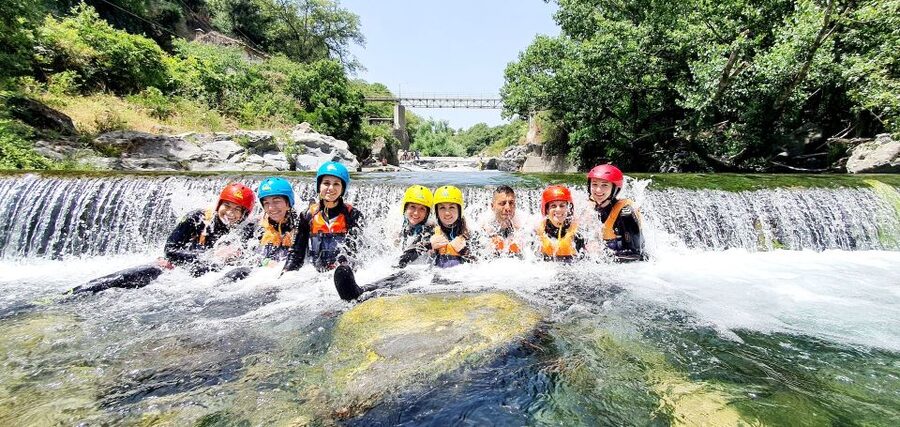 Motta Camastra: Alcantara Gorges Body Rafting and River Trek - Is $71 a fair price?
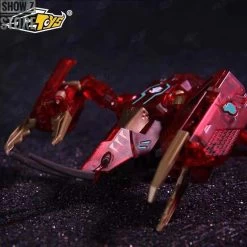 52Toys BeastBox BB-11 Trident -Action Figure Shop 2e3292b17f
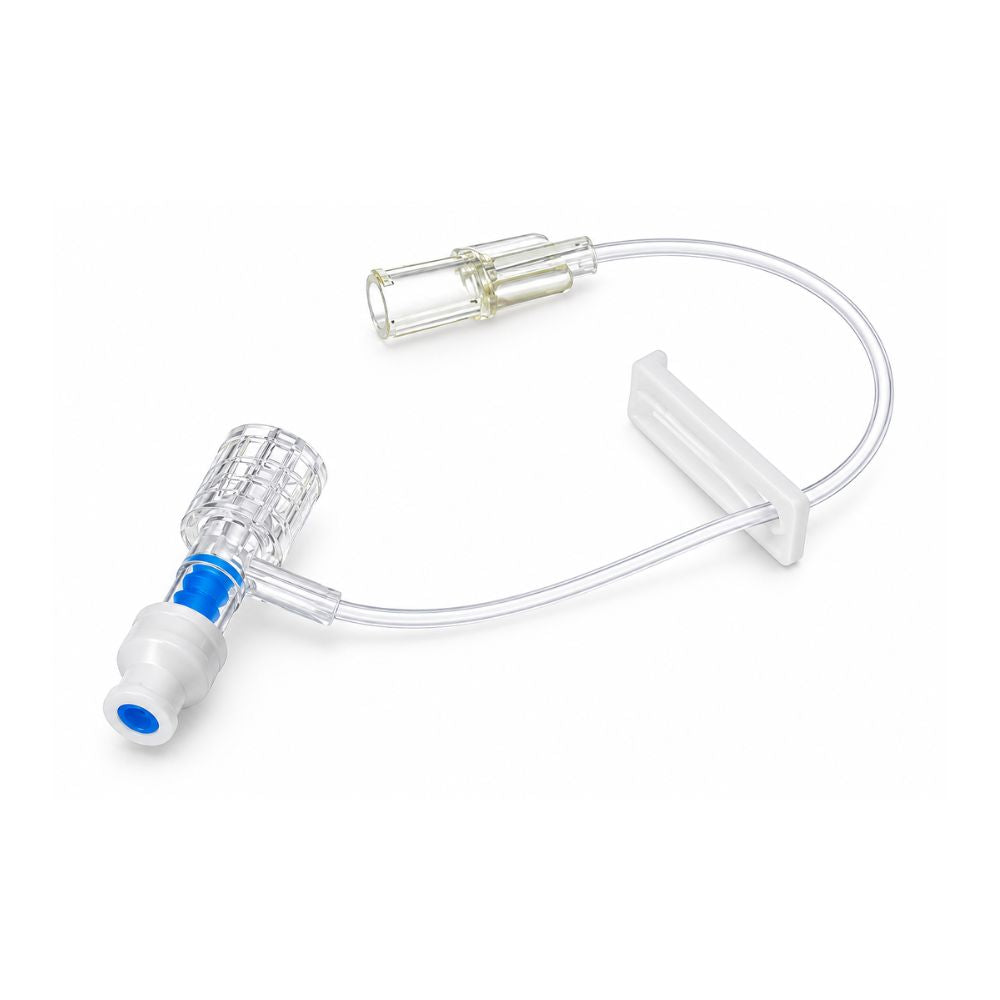 15cm BD SmartSite Needle-Free Pressure Rated Extension Set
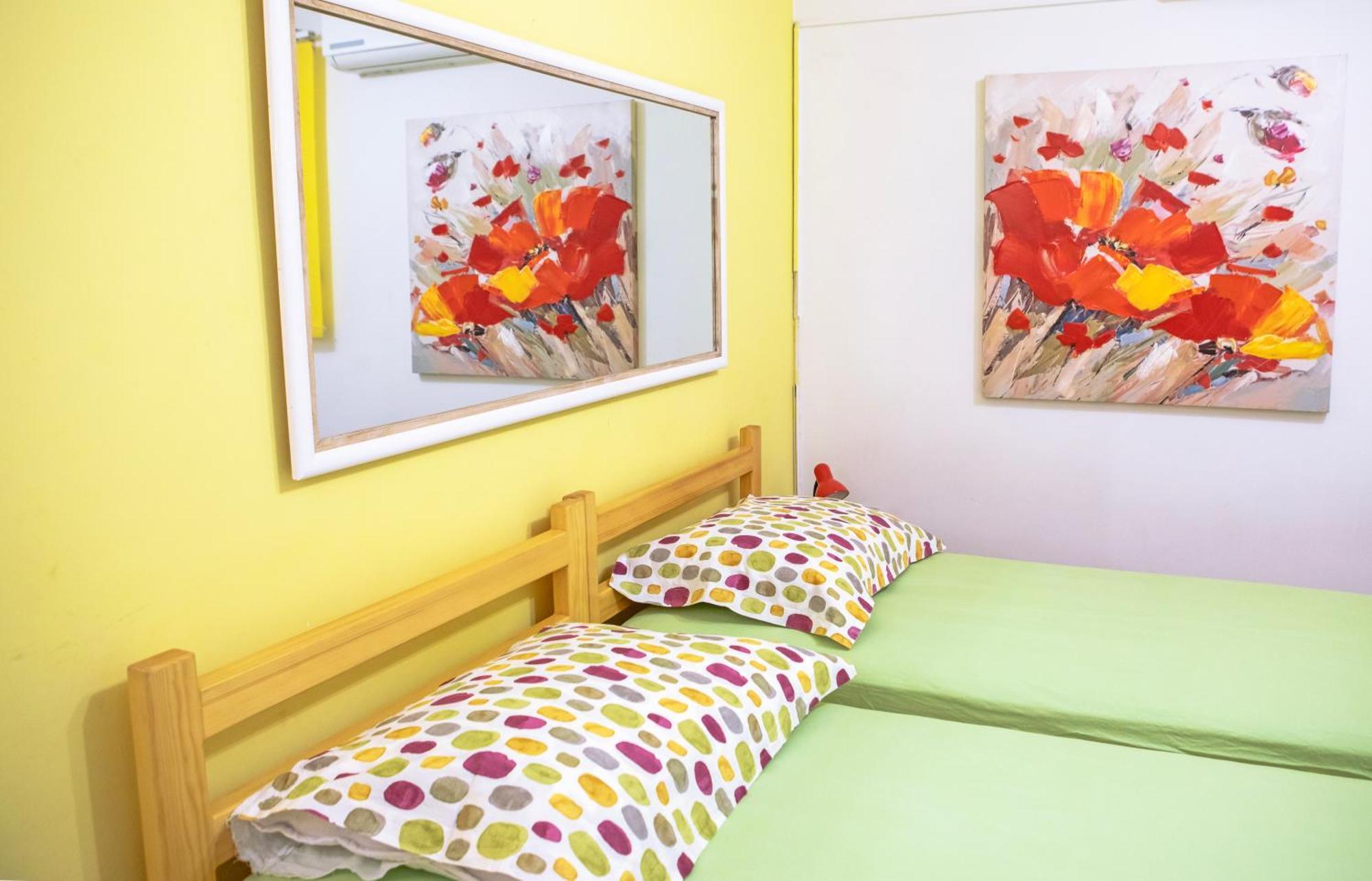 Studios Lavender Split Extérieur photo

* _WORK ORDER_: Return the listing above in an exact copy that leaves out the images.

* _WRITTEN SOLUTION_:
 Motta Camastra: Alcantara Gorges Body Rafting and River Trek - Is $71 a fair price?
 52Toys BeastBox BB-11 Trident -Action Figure Shop 2e3292b17f
 15cm BD SmartSite Needle-Free Pressure Rated Extension Set
 Studios Lavender Split Extérieur photo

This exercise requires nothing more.